Il finale di American Psycho è molto complesso e metaforico: per capirlo bisogna andare oltre quello che il film sembra voler comunicare e ragionare sulla struttura narrativa
La storia di Patrick Bateman (Christian Bale) in American Psycho non è solo una storia di inusitata violenza scaturita tra gli eccessi, il lusso e l’edonismo della vita nella cultura yuppie negli anni ’80. Il personaggio, che lo stesso Bret Easton Ellis afferma essere emerso dal proprio stile di vita all’epoca, agisce in un mondo in cui le regole vengono smontate.
Per esempio, viene continuamente scambiato per qualcun altro; quando confessa i suoi omicidi a chicchessia nessuno sembra dargli ascolto; la violenza di cui è colpevole non sembra avere conseguenze, neanche quando egli viene direttamente indagato per le uccisioni; e tutto si riduce a una pura gara di formalità, di possesso, di prestigio che sotto la superficie non lascia nulla.

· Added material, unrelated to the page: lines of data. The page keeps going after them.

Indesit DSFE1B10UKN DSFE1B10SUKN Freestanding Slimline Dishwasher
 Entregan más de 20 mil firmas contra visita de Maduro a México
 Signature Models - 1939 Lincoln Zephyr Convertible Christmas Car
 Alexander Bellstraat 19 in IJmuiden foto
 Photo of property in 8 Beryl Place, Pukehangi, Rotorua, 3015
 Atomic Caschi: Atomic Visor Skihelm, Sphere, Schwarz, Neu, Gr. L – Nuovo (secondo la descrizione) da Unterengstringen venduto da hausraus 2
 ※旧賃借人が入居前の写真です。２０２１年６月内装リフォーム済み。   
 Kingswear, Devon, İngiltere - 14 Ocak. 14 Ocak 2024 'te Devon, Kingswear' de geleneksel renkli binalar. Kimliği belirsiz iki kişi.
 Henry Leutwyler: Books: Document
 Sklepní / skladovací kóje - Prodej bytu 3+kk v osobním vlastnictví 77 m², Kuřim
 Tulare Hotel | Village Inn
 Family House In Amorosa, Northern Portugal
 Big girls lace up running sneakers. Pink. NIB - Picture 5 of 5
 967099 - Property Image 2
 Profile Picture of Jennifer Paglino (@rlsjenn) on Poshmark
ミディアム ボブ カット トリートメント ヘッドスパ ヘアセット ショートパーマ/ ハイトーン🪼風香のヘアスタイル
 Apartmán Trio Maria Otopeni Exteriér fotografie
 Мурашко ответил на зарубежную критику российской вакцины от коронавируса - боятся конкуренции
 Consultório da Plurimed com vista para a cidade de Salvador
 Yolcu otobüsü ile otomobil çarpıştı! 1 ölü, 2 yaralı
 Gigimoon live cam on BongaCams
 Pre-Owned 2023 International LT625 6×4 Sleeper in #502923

Ecco perché Bateman ci tiene tanto alla cura del suo fisico, a dare mostra della propria cultura musicale (in realtà piuttosto superficiale, visto che si sofferma solo su artisti pop commerciali), a fare attenzione ossessivamente agli abiti che porta confrontandoli con quelli degli altri, e così via. Lui stesso ammette, candidamente, che sotto l’apparenza di sé non esiste nulla: c’è il vuoto, non un essere umano.
Il punto è che questo essere vuoto cerca disperatamente una definizione, e le sue azioni mirano alla ricerca di questo: qualcosa che lo renda “speciale”, significativo, memorabile in un mondo nel quale, come possiamo vedere, tutti sono intercambiabili e niente ha davvero valore. Ma questa soddisfazione, fino alla fine, non gli è concessa.
Quando Bateman confessa al suo avvocato l’omicidio di Paul Allen (Jared Leto), con le parole più chiare e cristalline possibili, costui afferma a chiare lettere che non può essere successo, perché egli ha cenato con Paul Allen a Londra pochi giorni addietro. Allen quindi non è morto, nonostante noi lo abbiamo visto chiaramente ucciso da Bateman.
Ma lo abbiamo visto? No, la scena è censurata, vediamo solo il vago profilo di un cadavere. Questo perché la regista, Mary Harron, gioca sulla percezione nel film, sulla differenza tra ciò che si vede, ciò che sappiamo e ciò che è reale. Non possiamo in primis essere sicuri che lo stesso Bateman non abbia vissuto tutto solo nella sua testa.
Ma si va oltre. Il personaggio subisce la peggiore sconfitta possibile: in quanto attore in una narrazione e mancando di andare incontro a una reazione o a una punizione per i suoi atti egli non può realizzare alcuna catarsi, ossia alcun arco di trasformazione. La sua esistenza è quindi inutile al 100%: le sue azioni non hanno e non hanno mai avuto alcun senso.
Ecco quindi il significato del monologo finale in American Psycho: “Non ci sono più barriere da attraversare. Tutto ciò che ho in comune con l’incontrollabile e la follia, la perversione e la cattiveria, tutto il male che ho causato e la mia totale indifferenza verso di esso, ormai li ho superati. Il mio dolore è costante e acuto, e spero che per nessuno ci sia un mondo migliore”.
“In realtà, voglio solo che il mio dolore sia inflitto anche agli altri. Voglio che non si salvi nessuno. Ma anche dopo averlo ammesso, non c’è catarsi. La mia punizione continua a evitarmi, e non ho imparato niente di nuovo su me stesso. Nessuna nuova conoscenza si può estrarre dal mio racconto. Questa confessione non significa niente“.